Thursday, October 16, 2014
Debriefing Compliments
Posted to Gather, September 18, 2012 08:35 AM EDT
It’s hard to
imagine anything looking more painfully wrong. The gown, while still
dangling from a hanger in a doorway, reflected the impeccable skill and
attention to detail that brought people in need of a special occasion
seamstress to my mother’s door. The near paralyzing shock was not
related to the garment.
My job that day
was to assist with the hemming fitting. Jo changed into the gown and a
pair of pumps, clunked across the room, and nearly broke her neck
climbing up to stand on a chair. Mom measured and turned fabric – yards
of fabric around the bottom of the full-length, gathered skirt of the
gown. I held the red felt tomato cushion and supplied Mom with pins. I
had done this many times before with no problem other than wondering why
she placed the pins I handed her between her lips before using them on
the dress. Was I too slow? Did it enable her to position the pin the way
she wanted before using it? Did it replace the cigarette that was
usually between her lips? What should I do if she swallowed a pin?
This
time, seeking an explanation for the shocking wrongness replaced the
usual boredom-evading questions. The soft, frilly, bubble-gum-pink
bride’s maid gown looked ridiculous on Jo, who could easily have passed
for a male in the cloths she had worn in. A quick, self-conscious
meeting of the eyes told me she knew this as well as I did and couldn’t
wait to change back into her trousers, plaid shirt, and Chuck Taylors.
Guilt
almost destroyed me a few pins into the job. I was disappointed in me
for not wanting to tell Jo she looked pretty in her new dress. And I
hated myself for hoping Mom would swallow a pin since that was obviously
the only thing that might stop her continuous stream of
mumbled-around-pins, ridiculously unbelievable compliments. Couldn’t she
see that Jo looked more miserable with each word?
By
the time it was over, I felt as sorry for me as I did for Jo. Not only
was I forced to witness the wrongness of Jo in her pink gown and pumps,
and her misery in being complimented for looking a way I’m sure she
never wanted to look, I was also forced to realize how little my
mother’s compliments actually meant. Mom wasn’t blind or stupid so she
couldn’t possibly have thought miserable and wrong was attractive on Jo.

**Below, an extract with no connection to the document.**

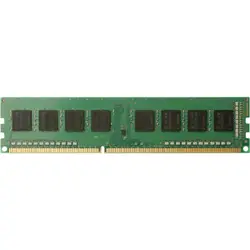 HPE-7ZZ65AA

How many times had she complimented me because she thought it was the
right thing to say and not because the compliment was sincere?
If
I could relive that day, I would give Jo the honest compliment she
deserved: You are a wonderful friend for agreeing to buy and wear this
dress in your friend’s wedding since it isn’t your style and you will
probably never wear it again.
I would
like to believe that I learned a great lesson that day and, since I am
older than dirt, that it was a different time and saying the wrong right
thing got lost along the way. The truth is I’ve been slammed with that
lesson repeatedly, as recently as last week.
I
was present the day my daughters experienced this realization together,
as adults. A friend, who had praised them from birth and whose
compliments they had taken to heart, commented on the beautiful character
of a group of people that neither of my daughters would ever have
wanted to be compared to. I felt their eyes on me and hated to look
because I knew immediately what each was feeling. How could they
treasure the compliments she had paid them if her judgment was so
different from theirs, or her honesty so questionable? We discussed it
later and I shared my Jo story.
I might
have learned to tailor compliments so they will honestly fit, and to
withhold insincere praise. But, the fact that I can still feel the sting
of false compliments, whether sent in my direction or aimed at someone
else, or allow a lifetime of compliments to be negated when I hear
someone whose opinion I appreciated lavish false compliments on someone
else tells me I haven’t mastered this lesson yet.
The
big question for me today falls in the chicken/egg category. I do
believe that everything that happens, and every person who passes
through my life, contributes to who I am today. If I had not had high
self-esteem to begin with, how would insincere or undeserved compliments
have affected me? Would I have blown them off and not believed them, or
might they have boosted my esteem?
Let’s Talk About Legacy, Senator McConnell
Dear Senator McConnell:
Legacy: something transmitted by or
received from an ancestor or predecessor or from the past legacy of the ancient
philosophers>
Thirty years is a long enough pattern to become legacy. When
looking at your thirty years in office and focusing, as most people will, on
the years since 2007, when you became the Minority Leader in the Senate, your
legacy should not make you (or your children and grandchildren who will have to
live with it) proud. You will be remembered mostly for your vow to make
President Obama a one-term President, with no concern for how badly your attempts
to do that harmed the residents of Kentucky,
the nation, and the world. You will also be remembered for your pork, which you
bragged about for years until your party decided it was a terrible, horrible, must-be-stopped-and-criticized-forever
activity. Your filibuster record, including the fact that you are the only Senator
to filibuster his own bill, will most surely brighten up a few history classes.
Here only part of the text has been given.